● Record excerpts
━━━━━━
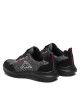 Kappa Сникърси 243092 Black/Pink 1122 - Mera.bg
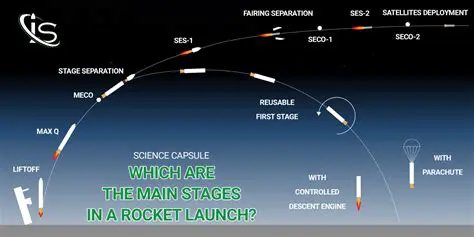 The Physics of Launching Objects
━━━━━━
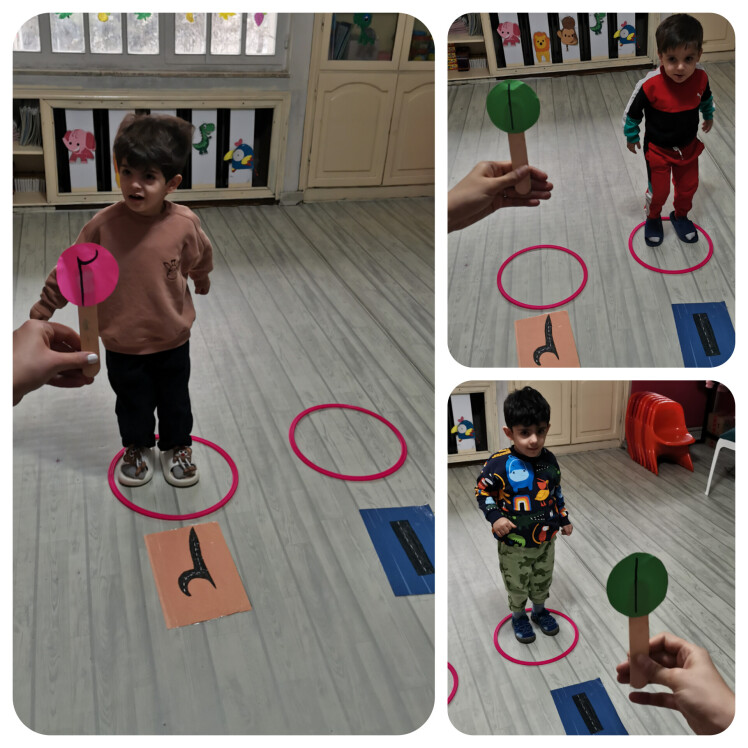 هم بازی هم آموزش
━━━━━━
● Exercise requirements
Leaving out the pictures, please output the lines in the entries above from the one with "Kappa Сникърси 243092" through the one with "The Physics of Launching Objects", exactly as they are.

● Written solution
 Kappa Сникърси 243092 Black/Pink 1122 - Mera.bg
 The Physics of Launching Objects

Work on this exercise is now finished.